Bugüne kadar hayatımda çokça anı biriktirmiştim iyi veya kötü. Bunlar adeta benim için dağın zirvesine nasıl ulaşılır sorusuyla bağlantılıydı aslında. Hiçbir şeyin o kadar kolay olmadığı ve hayatta bir şeyi başarmak istiyorsan o merdivenden çıkarken bazı engellerle karşılaşabileceğimi gösterdi bu zorluklar. En nihayetinde istediğim sonuca ulaşmıştım tabii. Ama geride kalanlara bakarsak soyut ve somut olarak verdiğim kayıplar olmuştu. Yine de pes etmedim. Hayat bu zıtlaşır senle, inatlaşır. Bu yüzden bizimde buna göğüs germemiz ve hayatı haksız çıkarmamız gerekir.
Arkadaşım yanımda otururken “Bazen anılar karanlıktan doğar”, dedi. Karanlık hayatta kaçınılmaz bir şeydi. Bir anda hayatımda yaşadığım, çektiğim zorluklar geldi, düşündüm. Kayıplar, ölümler, hayal kırıklıkları… Fakat bunların hepsi bugün beni güçlü yapan şeylerdi. Şu anda ise dağın zirvesine ulaşmış bir vaziyetteydim.

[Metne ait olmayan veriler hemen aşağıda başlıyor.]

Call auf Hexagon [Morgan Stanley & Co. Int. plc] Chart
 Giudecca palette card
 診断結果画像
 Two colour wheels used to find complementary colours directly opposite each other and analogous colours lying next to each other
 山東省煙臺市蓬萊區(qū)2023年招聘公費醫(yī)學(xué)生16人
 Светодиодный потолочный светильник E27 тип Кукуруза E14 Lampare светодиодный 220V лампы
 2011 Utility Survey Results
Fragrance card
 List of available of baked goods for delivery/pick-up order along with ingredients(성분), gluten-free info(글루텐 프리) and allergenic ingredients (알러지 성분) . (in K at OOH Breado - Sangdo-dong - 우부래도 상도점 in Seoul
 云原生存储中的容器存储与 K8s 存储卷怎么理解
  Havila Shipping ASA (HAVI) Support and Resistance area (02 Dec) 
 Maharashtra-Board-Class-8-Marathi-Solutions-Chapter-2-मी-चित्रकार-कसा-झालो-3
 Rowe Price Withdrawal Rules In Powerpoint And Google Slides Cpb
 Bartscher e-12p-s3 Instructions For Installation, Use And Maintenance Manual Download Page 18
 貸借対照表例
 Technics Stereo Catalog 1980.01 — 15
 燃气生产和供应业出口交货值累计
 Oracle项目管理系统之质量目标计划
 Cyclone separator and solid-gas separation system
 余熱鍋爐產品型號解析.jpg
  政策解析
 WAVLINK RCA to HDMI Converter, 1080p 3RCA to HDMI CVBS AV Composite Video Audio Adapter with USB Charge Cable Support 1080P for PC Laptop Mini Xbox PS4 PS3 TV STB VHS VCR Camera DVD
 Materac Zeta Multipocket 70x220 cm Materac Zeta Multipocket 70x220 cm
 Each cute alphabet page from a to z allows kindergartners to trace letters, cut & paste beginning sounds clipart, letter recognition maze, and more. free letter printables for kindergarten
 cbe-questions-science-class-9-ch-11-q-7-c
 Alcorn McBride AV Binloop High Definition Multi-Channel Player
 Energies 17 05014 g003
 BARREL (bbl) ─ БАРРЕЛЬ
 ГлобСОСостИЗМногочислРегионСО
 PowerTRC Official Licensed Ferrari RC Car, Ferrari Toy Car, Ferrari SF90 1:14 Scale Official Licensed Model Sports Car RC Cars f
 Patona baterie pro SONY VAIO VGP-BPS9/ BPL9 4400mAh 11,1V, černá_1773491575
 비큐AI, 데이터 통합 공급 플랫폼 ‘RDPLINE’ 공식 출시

O gün gökyüzündeki bulutların acıları hüznü kabul eder gibi ağlayışı benimde içimdeki ağlamaları, hüznü kabullenmeme sebep oldu. Anılar ise verdiğim en iyi kararlarmış aslında bunu gördüm. Bir hayat dersiymiş benim için. Benimde bugün bu noktaya gelme sebebimdi anılar. Arkadaşımın yüzündeki tebessüm bana her kötü şeyin çözümü karanlığın aydınlanabileceğini hatırlattı. Her bir anı, yeni bir başlangıçtı; bazen pes edecek kadar karşı karşıya kaldığın zorluklar bazen de yolun sonunun aydınlık olduğunu gösteren.
Bu sayede aklımda dönen sorular daha da netleşmeye başlamıştı. Hüzün, keder, mutluluk, umut… Hayatta her şeyin hallolabileceğini anladım. O gün karanlığın aslında bir öğrenme ve alışma süreci olduğunu anladım. Belki de bu yüzden en iyi karalarmış anılar. Her yeni bir anıda (küçük veya büyük, önemli veya önemsiz) hayat için yeni bir ders oluyor. Artık git gide daha tecrübeli bir insan olmaya başlıyor insan. Bu sayede diğer engeller karşısında daha kolay mücadele veriyor.
Bir an artık yağmurun yağmadığını, durduğunu fark ettim. Gökyüzü aydınlanmaya başlamıştı adeta çözümlerin hallolması yani bir umut ışığı gibiydi. İşte o an verdiğim en iyi kararmış anı, hayatımın en değerli derslerinden biri haline geldi.